「わたしは〜熟練した建築家のように」(10節)は、「わたしたちは〜神の建物なのです」(9節)に続いていますが、例えが建物から建築家に替わっています。「神からいただいた恵みによって、知恵ある建築家のように」(直訳)、「土台を据えました〜家を建てています〜どのように建てるか」と「神の建物」を建てる建築家だと言います。教会のことですが、会堂や組織のことよりも、「イエス・キリストという既に据えられている土台」(11節)に注目します。誰が柱で誰が屋根かよりも土台が重要だからです。コリント教会では「アポロに、パウロに、ケファに」と派閥を競う有様でした。まさに「台無し」です。イエス・キリストという土台の上に恵の知恵で神の建物を建てる。教会建設に私たちが参加し、私たち自身も建てあげます。誰かのためになれるならこんな幸せはありません。何が出来る出来ないは問題ではありません。赤ん坊は何も出来ませんが、居るだけで周りの人々を喜ばせます。
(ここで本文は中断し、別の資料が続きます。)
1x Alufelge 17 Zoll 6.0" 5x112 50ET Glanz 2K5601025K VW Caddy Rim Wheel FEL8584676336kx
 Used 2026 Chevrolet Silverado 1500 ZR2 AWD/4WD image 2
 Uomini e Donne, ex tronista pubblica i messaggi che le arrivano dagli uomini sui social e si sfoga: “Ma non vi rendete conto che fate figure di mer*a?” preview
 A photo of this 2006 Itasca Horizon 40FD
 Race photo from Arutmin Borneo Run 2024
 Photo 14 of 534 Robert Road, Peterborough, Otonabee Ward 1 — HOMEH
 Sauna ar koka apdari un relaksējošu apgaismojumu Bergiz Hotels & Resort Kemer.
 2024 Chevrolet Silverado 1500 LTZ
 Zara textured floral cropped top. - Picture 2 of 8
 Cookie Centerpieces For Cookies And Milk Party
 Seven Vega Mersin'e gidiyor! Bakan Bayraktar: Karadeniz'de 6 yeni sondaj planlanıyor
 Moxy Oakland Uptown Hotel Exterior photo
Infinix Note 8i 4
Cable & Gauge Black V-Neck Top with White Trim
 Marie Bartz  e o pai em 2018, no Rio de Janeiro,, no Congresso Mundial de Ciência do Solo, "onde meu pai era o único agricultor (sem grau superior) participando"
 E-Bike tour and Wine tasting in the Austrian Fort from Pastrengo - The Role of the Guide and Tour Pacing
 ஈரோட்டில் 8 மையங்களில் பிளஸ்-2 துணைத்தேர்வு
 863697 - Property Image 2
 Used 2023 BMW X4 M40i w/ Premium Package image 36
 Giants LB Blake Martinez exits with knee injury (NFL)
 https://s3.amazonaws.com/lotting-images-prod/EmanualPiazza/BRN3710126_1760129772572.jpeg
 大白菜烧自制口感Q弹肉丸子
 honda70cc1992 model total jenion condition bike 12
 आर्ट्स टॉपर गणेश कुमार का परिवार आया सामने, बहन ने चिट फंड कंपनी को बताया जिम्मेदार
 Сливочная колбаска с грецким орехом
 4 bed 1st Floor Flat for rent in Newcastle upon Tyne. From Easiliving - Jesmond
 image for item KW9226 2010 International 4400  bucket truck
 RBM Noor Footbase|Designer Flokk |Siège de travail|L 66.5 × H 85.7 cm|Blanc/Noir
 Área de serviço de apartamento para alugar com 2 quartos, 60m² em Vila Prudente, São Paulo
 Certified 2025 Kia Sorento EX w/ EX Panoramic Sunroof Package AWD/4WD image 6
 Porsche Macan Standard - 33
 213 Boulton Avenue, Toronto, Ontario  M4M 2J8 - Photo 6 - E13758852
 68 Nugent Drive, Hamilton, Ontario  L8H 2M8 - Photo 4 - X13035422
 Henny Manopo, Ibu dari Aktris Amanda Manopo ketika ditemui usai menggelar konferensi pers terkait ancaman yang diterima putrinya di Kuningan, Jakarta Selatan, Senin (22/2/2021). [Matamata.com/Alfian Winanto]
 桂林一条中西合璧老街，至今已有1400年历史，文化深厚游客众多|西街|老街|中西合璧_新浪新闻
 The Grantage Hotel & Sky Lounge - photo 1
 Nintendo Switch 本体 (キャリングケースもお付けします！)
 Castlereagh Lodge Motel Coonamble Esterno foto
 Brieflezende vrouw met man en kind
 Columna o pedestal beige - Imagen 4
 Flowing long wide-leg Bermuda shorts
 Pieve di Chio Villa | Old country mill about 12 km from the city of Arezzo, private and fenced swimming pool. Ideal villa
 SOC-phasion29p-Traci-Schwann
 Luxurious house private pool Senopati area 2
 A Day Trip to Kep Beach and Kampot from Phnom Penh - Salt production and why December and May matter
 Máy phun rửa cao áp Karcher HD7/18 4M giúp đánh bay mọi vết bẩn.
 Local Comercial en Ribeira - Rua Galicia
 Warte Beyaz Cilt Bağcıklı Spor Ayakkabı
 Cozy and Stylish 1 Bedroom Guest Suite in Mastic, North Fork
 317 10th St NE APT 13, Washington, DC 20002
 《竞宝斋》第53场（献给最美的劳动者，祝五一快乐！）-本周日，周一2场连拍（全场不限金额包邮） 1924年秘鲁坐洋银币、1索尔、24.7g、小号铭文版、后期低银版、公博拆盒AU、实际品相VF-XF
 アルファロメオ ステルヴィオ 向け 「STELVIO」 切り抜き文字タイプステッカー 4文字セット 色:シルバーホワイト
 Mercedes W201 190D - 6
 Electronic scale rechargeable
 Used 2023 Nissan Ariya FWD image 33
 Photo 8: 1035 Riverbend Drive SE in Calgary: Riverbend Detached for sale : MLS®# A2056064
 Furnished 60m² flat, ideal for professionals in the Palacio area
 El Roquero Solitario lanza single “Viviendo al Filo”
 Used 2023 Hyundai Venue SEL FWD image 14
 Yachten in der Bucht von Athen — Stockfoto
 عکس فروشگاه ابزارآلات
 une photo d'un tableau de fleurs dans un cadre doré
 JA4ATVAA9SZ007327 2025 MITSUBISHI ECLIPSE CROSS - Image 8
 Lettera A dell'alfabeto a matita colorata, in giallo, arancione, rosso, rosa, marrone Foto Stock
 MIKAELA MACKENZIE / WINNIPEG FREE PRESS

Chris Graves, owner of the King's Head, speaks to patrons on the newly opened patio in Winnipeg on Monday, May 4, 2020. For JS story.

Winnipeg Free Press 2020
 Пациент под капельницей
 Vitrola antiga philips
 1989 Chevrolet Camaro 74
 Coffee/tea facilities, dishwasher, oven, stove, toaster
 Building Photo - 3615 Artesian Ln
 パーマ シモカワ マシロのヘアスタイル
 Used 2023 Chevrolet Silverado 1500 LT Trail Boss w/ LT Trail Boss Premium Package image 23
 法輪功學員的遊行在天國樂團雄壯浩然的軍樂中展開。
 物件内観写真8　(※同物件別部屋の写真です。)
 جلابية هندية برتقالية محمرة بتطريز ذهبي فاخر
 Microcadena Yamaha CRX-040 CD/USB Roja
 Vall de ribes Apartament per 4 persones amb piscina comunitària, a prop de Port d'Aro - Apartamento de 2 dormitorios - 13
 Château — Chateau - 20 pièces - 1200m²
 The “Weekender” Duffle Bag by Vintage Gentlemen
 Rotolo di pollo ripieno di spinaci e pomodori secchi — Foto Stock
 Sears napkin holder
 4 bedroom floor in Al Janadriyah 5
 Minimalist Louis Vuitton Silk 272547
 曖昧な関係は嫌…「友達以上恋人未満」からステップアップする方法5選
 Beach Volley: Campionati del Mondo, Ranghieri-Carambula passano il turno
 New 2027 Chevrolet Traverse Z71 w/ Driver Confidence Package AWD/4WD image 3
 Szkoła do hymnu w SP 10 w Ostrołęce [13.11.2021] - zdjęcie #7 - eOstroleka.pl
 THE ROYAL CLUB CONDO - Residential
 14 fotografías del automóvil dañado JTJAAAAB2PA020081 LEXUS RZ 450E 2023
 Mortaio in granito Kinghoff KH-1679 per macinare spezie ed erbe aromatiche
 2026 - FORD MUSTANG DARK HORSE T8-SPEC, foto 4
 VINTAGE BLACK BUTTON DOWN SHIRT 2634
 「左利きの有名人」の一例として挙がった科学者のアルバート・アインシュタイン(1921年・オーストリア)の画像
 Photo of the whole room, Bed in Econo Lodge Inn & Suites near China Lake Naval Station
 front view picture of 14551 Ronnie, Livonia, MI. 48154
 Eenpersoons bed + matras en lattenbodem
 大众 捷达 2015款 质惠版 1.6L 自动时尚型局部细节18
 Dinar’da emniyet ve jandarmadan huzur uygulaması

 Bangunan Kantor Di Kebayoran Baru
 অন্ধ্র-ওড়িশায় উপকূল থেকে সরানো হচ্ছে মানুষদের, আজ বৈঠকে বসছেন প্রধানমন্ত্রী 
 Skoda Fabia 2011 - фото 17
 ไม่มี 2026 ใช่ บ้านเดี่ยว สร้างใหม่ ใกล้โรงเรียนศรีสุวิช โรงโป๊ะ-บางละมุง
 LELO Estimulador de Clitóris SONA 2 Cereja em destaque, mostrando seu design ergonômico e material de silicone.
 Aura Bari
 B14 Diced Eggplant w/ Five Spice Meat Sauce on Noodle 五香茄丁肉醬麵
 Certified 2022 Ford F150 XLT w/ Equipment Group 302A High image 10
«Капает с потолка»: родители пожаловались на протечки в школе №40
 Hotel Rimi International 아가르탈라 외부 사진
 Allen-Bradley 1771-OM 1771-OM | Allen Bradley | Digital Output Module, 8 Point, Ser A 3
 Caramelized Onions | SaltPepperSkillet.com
「神の建物」の「建築家」は材料を問題にしません(12節)、金からわらまでで教会や自分の等級が決まるのではないからです。しかし、「おのおの、どのように建てるか〜おのおのの仕事」(10、13節)は「かの日に〜吟味」されます。「吟味する」の原語は「精錬する」が第一義です。鉱物が火で溶かされて不純物が取り除かれるように、「神の建物」も「建築家」も精錬されます。宗教改革者カルヴァンは「聖霊の火」によると申しました。贅沢な貴金属が散りばめられたものは残り、草やわらでできたものは焼け落ちるのではありません。自分は金だと誇ったり、逆にわらだと心配する必要はない。イエス・キリストを土台としているかどうか、主イエスに見合っているかだけが明るみに出されます。ここで、パウロは譬えを代えます。天才的な閃きでどんどん連想するのではありません。強烈に罪を意識するからです。「その人は、火の中をくぐり抜けて来た者のように、救われます」と(15節)。火をくぐり抜けて救われるといっても、密教の火渡りではありません。金銀も火に溶かされますから、火の中では耐えられません。材料の強度の話ではない。わらで建てられていても、火の中をくぐり抜けて救われる。火災で全焼しても土台は残るように、イエス・キリストという土台が残っているかどうかだけが吟味される。パウロは、神様による吟味に到底耐えられない罪の自分が、なお「火の中をくぐり抜けて来た者のように救われ」たことを確信しています。
これ以降はもう譬えではなく直截に語ります。「あなたがたは神の神殿であり」(16節)と言い切ります。火で焼いて耐火性が認められたら、神殿と認められるのではありません。もう既に神殿であると申します。どこで、火をくぐり抜けて来たのか?わたしたちは各々試練のことではない。聖書が言う「火」は聖霊の火であって人生の試練のことではありません。それなら、どこでどのようにして聖霊の火による裁きを受けたか?わたしたちはどうして焼け落ちずに神の神殿にされたのか。資質や努力では無理です。裁きを受けたこともありません。神の裁きを受けられたのはただお一人、十字架の主のみです。それでわたしたちは焼かれることを免れました。「神の霊が自分たちの内に住んでいることを知らないのですか」(16節)と自分の実際を見よと言います。聖霊が裁き手としてではなく、わたしたちの内に住んでくださる。聖霊がわたしたちを神の神殿にしてくださる。神を礼拝し、神と共なう者としてくださる。だから、「神殿を壊す者がいれば〜滅ぼされるでしょう。神の神殿は聖なるものだからです」(17節)。神は教会を私たちを聖別して(=ご自分のものとして)守り通してくださる。
だから「自分を欺いてはなりません」(18節)と申します。「自分はこの世で知恵ある者だと考えているなら」、即ち自分を偉く見せ自分だけは特別だと考えては、自分を欺くことになります。火で裁かれるべきところを救われたのが、自分であると知る。それ故「誰も人間を誇ってはなりません」(21節)と勧めます。自分を誇らなくても「一切はあなたがたのもの」(22節)、火の中をくぐり抜けて来て下さった「キリストのもの〜神のもの」だからです。キリスト、神のために生きられる幸を身に受けて、この年も歩んで参りたいと思います。